Short story: I can't get an entity like '𠂉' to store in a MySQL database, either by using a text field in a Ruby on Rails app (with default UTF-8 encoding) or by inputting it directly with a MySQL GUI app.
As far as I can tell, all Chinese characters and radicals can be entered into the database without problem, but not these rarely typed 'character components.' The character mentioned above is unicode U+20089 and html entity 𠂉
I can get it to display on the page by entering <html>𠂉</html>
and removing html escaping, but I would like to store it simply as the unicode character and keep the html escaping in place.
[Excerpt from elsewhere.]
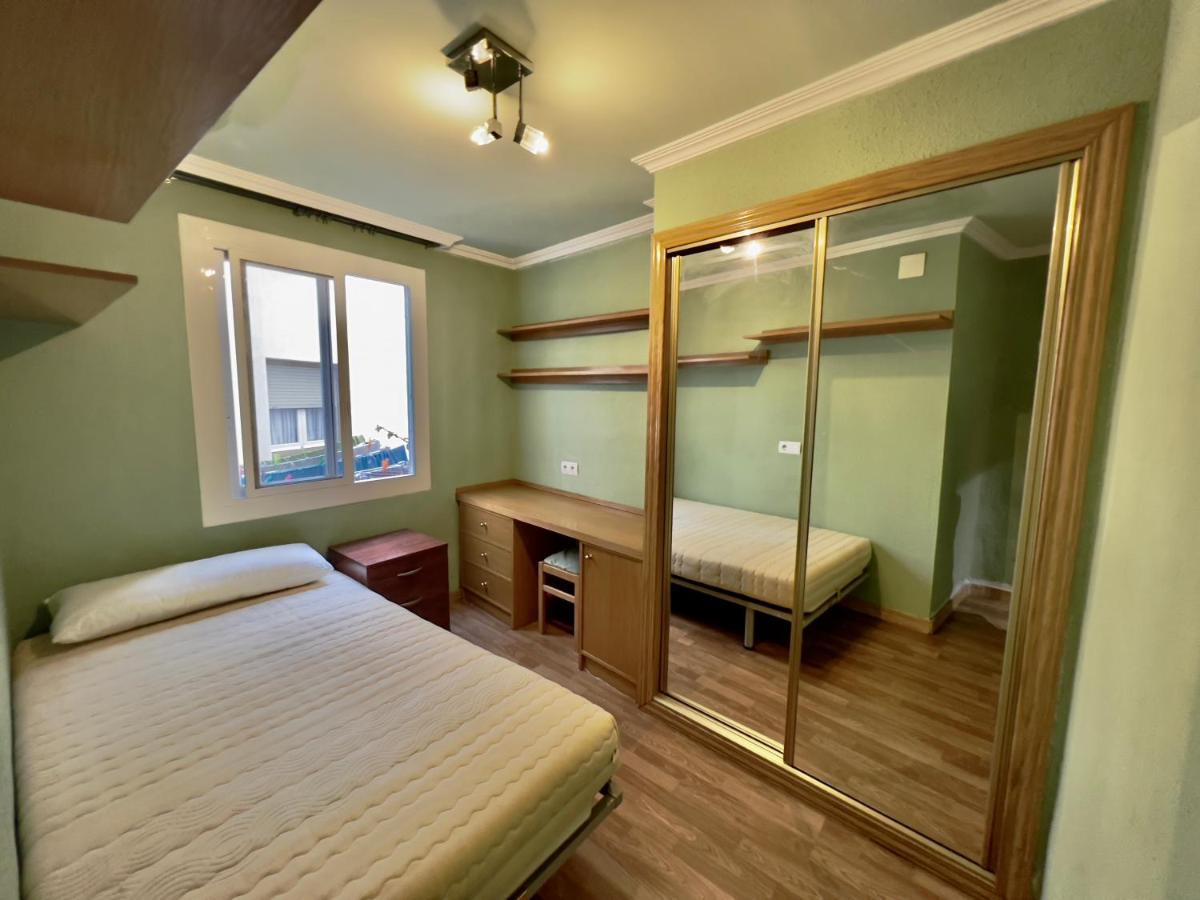 Centro Alicante Apartamento Entero מראה חיצוני תמונה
There are many other Chinese 'components' (parts of full characters, generally consisting of 2 or 3 strokes) that cause the same problem.
According to this page, the character mentioned is in the UTF-8 charset: http://www.fileformat.info/info/unicode/char/20089/charset_support.htm
But on the neighboring '...20089/index.htm' page, there's an alert saying it's not a valid unicode character.
For reference, that entity can be found in Mac OS X by searching through the character palette (international menu, "Show Character Palette"), searching by radical, and looking under the '丿' radical.
Apologies if this is too open-ended... can a character like this be stored in a UTF-8-based database? How is this character both supported and unsupported, both present in the character set and not valid?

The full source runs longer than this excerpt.